She Almost Lost Her House. Now She Helps Those Who Weren't So Lucky

Nursing assistant escaped landslide for only 10 yards and turned her house into a base for the rescue teams

Sérgio Rangel
Rio de Janeiro

She lost her first house in 1988, while still in her teens, when a large rock opened a hole in the place where she lived, at the top of a favela at Tijuca, northern Rio. Then, three years ago, the nursing assistant lost her second dwelling. The city of Niterói expropriated her house to build a tunnel.

But at early Saturday (10th), Dilma Ferreira, 46, woke up with a roar of "several converters exploding at the same time." When she woke up, all she saw was darkness and the dust rising after a massive rock rolled down and smashed seven small houses at the Niterói neighborhood where she settled for the third time.

Ferreira opened the door and ran to the main street. The pile of wreckage stopped less than ten yards from her house, which she bought seven months ago with the money she received for leaving her previous residence.

Nursing assistant Dilma Ferreira, 46, who turned her house into a base for rescue workers in Niterói (RJ) - Sérgio Rangel/Folhapress

"It was horrible.

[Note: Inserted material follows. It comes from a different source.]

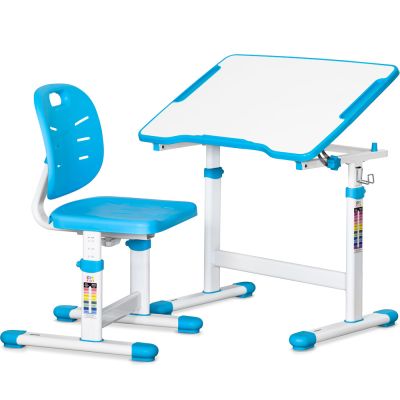 Комплект дитячий Evo-kids Evo-07 Ergo Білий, Блакитний (111470607)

All I could hear was the people screaming and begging for help, buried by the earth," she described, as she sat in front of her garage on Monday (12th).
So far, 15 people died, and 11 were rescued alive.

Ferreira's house became an informal headquarters from relief workers, from both the city and state, who are rescuing victims and clearing the wreckage.

Since the rock rolled down, she has slept only three hours. She sent her children and grandchildren to stay with relatives, so she could have more space to receive donations and the rescue workers. "I haven't been able to close my eyes. I slept only three hours last night."